Eliseu Luiz de Queiroz, pai da vítima, uma jovem de 23 anos, grávida de três meses, contou à Reportagem do Blog que o marido havia saído para o trabalho e deixou a porta da casa apenas encostada.

Manoel de Jesus

Em seguida, ela foi tomar banho e ouviu um barulho; imaginando que o marido havia retornado por algum motivo, saiu do banheiro e deu de cara com o acusado, nu. Segundo relato da vítima, ele partiu para cima dela, tentando estuprá-la, mas ela reagiu e entrou em luta corporal com ele.

Em meio à confusão, a vítima passou a gritar por socorro, chamando a atenção dos vizinhos, que correram em auxílio, fazendo com que Manoel de Jesus fugisse em desabalada carreira. Entretanto, a Polícia Militar o localizou e o prendeu.

Ouvido pela Reportagem, Manoel de Jesus diz que nada disso aconteceu, que sequer encostou na jovem e que está sendo vítima de injustiça. “Mentira, mano, tá ligado?”, disse ele, contando que bebeu e depois foi para casa dormir, sendo surpreendido pela polícia com a acusação de tentativa de estupro. O rapaz, que não tem passagem pela polícia, afirma ser ajudante de pedreiro e afirma trabalhar em uma empreiteira da Vale.

Jesus, entretanto, foi reconhecido pela jovem, que, segundo seu pai, corre o risco de abortar pelo susto que passou. Na DP, a jovem estava muito nervosa, em companhia também do marido.

Assaltantes presos 

O trabalho do Sargento Adenilson e do Cabo Rabelo, entretanto, não parou por aí. Por volta das 11h30, também de hoje, o Disque-Denúncia foi informado de que uma dupla estava “metendo o bicho” pela cidade, assaltando quem aparecesse pela frente.
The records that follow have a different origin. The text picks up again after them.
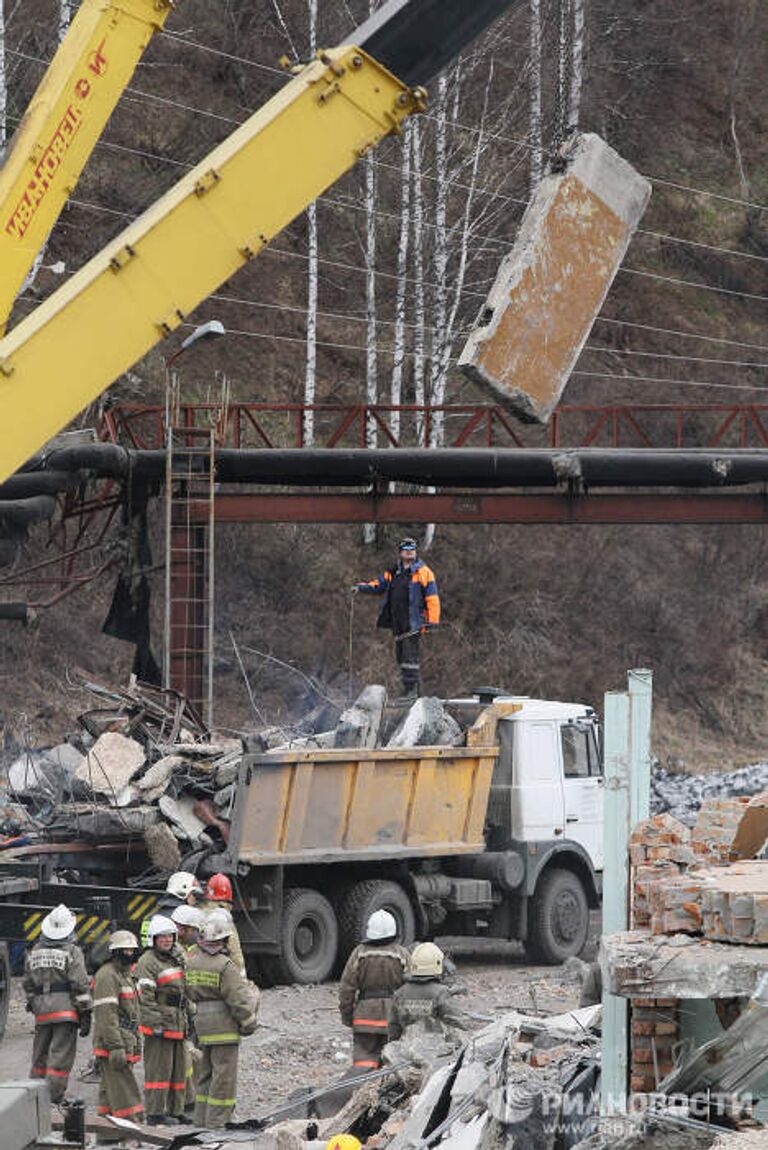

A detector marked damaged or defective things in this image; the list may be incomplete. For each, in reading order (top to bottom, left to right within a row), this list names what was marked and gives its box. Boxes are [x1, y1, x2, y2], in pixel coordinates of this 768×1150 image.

broken concrete [460, 135, 652, 424]
broken concrete [390, 696, 462, 752] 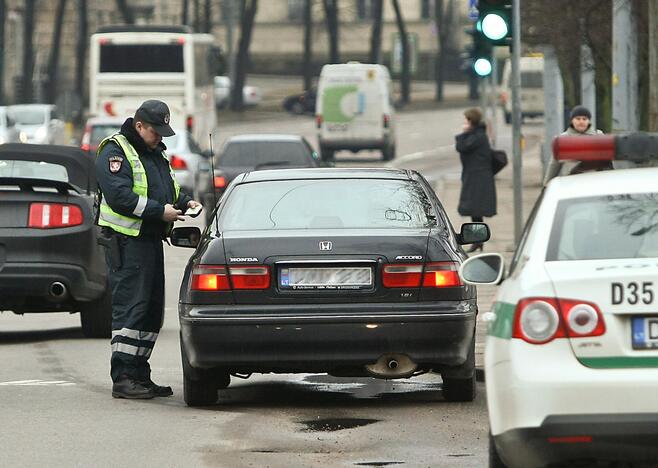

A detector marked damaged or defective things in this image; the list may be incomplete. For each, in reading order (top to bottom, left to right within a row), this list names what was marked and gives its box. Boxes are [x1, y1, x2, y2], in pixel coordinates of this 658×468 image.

pothole in road [300, 416, 376, 432] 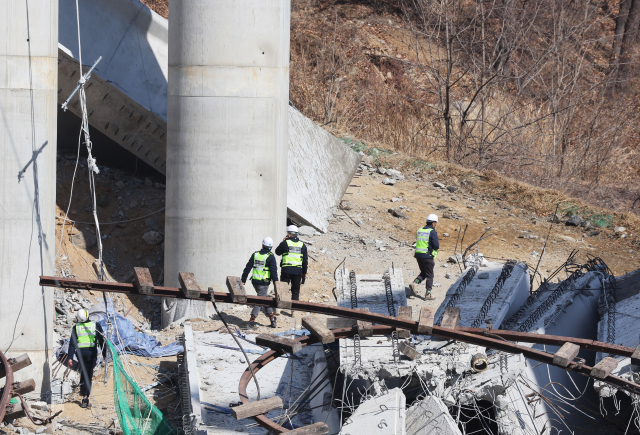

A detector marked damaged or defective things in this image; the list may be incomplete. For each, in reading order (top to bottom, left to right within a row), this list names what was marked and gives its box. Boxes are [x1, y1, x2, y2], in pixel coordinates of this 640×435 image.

broken concrete slab [340, 388, 404, 435]
broken concrete slab [404, 398, 460, 435] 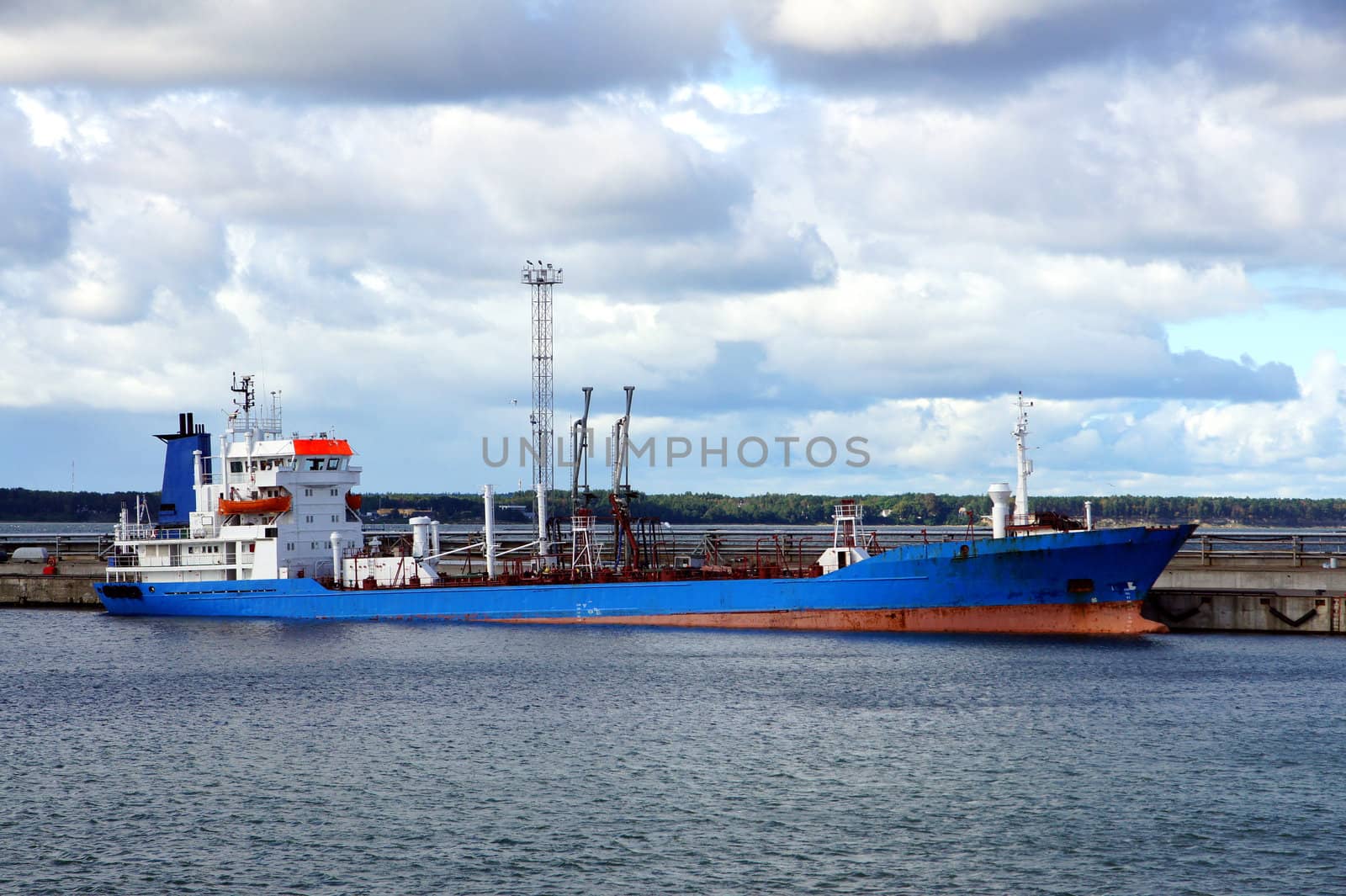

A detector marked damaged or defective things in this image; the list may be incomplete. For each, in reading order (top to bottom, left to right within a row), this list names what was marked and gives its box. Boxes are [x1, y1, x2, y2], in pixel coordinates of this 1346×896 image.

rusty red hull [474, 600, 1168, 634] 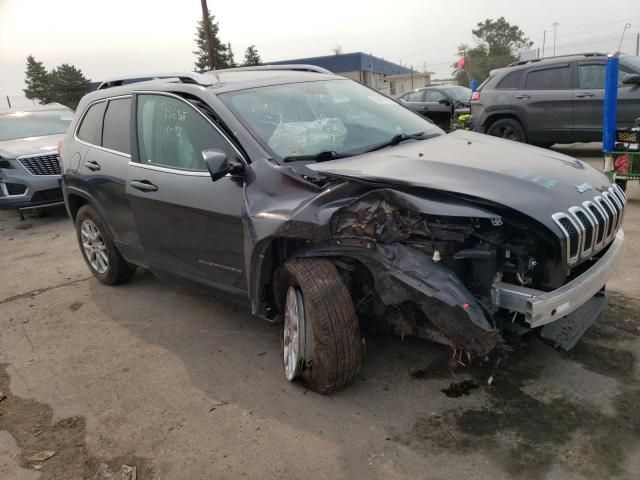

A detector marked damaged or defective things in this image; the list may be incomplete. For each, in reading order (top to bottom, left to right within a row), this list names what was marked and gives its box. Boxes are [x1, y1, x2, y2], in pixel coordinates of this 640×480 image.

crumpled hood [0, 134, 62, 158]
crumpled hood [308, 129, 612, 231] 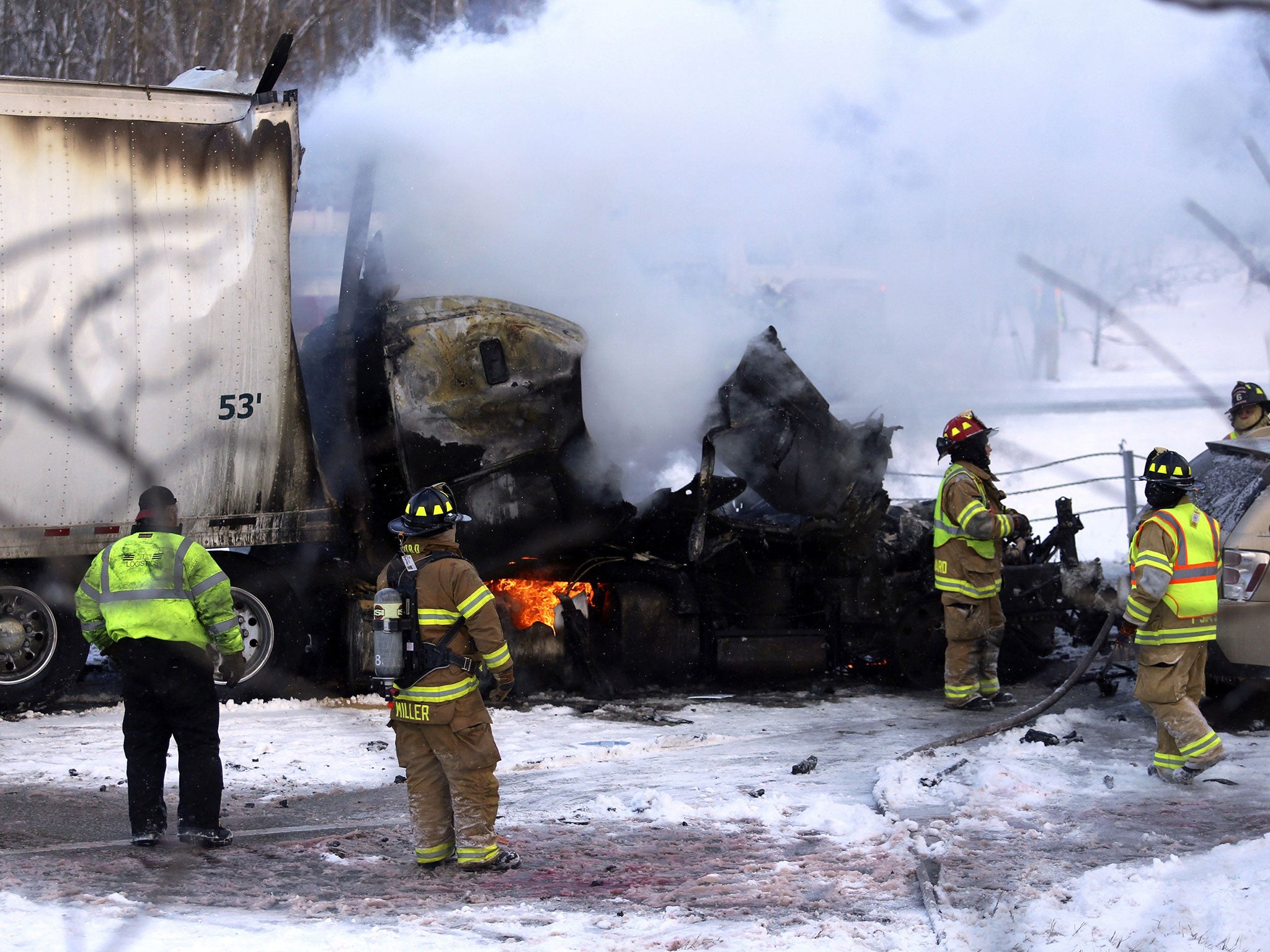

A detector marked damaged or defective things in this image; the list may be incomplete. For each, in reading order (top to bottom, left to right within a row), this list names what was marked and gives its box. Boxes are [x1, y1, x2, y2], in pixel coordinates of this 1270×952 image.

charred debris [300, 231, 1112, 695]
burned tire [0, 586, 88, 710]
burned tire [212, 558, 306, 700] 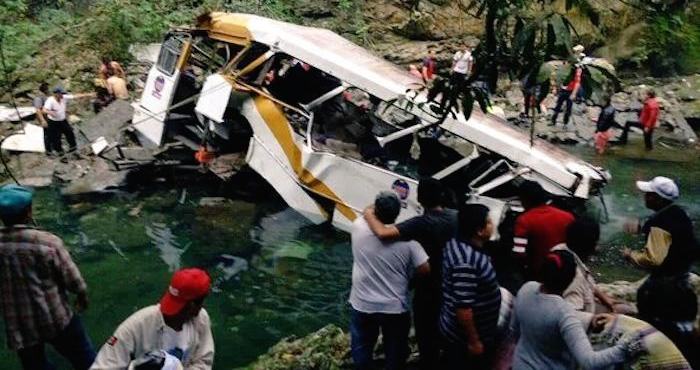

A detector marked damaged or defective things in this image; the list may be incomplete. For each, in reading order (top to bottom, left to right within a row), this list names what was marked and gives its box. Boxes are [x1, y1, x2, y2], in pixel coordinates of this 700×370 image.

wrecked bus [130, 13, 608, 236] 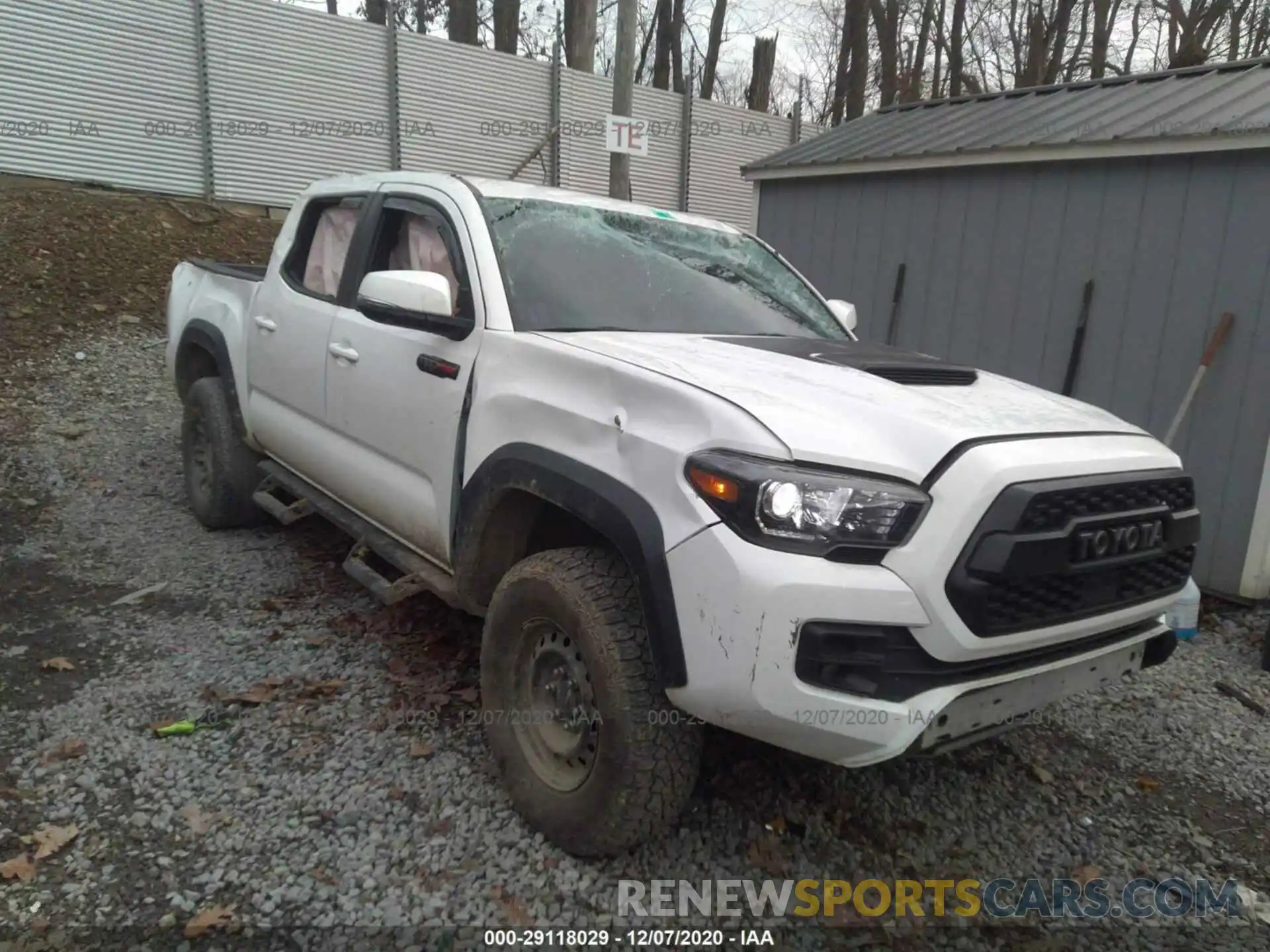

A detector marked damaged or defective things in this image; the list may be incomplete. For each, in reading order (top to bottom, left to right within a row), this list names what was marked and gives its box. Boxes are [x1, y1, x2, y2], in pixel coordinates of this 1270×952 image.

shattered windshield [480, 198, 848, 340]
damaged white toyota tacoma [161, 171, 1199, 857]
Com informações sobre as características da motocicleta roubada que os assaltantes conduziam (marca, cor e placa), e também da dupla, a equipe passou a fazer buscas. Jhony Silva dos Santos, 19 anos, e Giovanni Costa de Morais, 18, foram encontrados abastecendo em um posto de combustíveis da VS-10. Imediatamente, foi dada voz de prisão à dupla, que estava desarmada e não reagiu.

“Eles fazem parte de uma quadrilha. Nenhum cidadão, mulher ou criança pode andar com celular que eles roubam. Tem uma filmagem mostrando eles em ação, e três senhoras mais um rapaz já compareceram à delegacia e reconheceram os dois como assaltantes,” disse o policial.

Procurados pela Reportagem do Blog, na Delegacia de Polícia Civil, para que contassem sua versão, tanto Jhony quanto Giovanni preferiram ficar calados.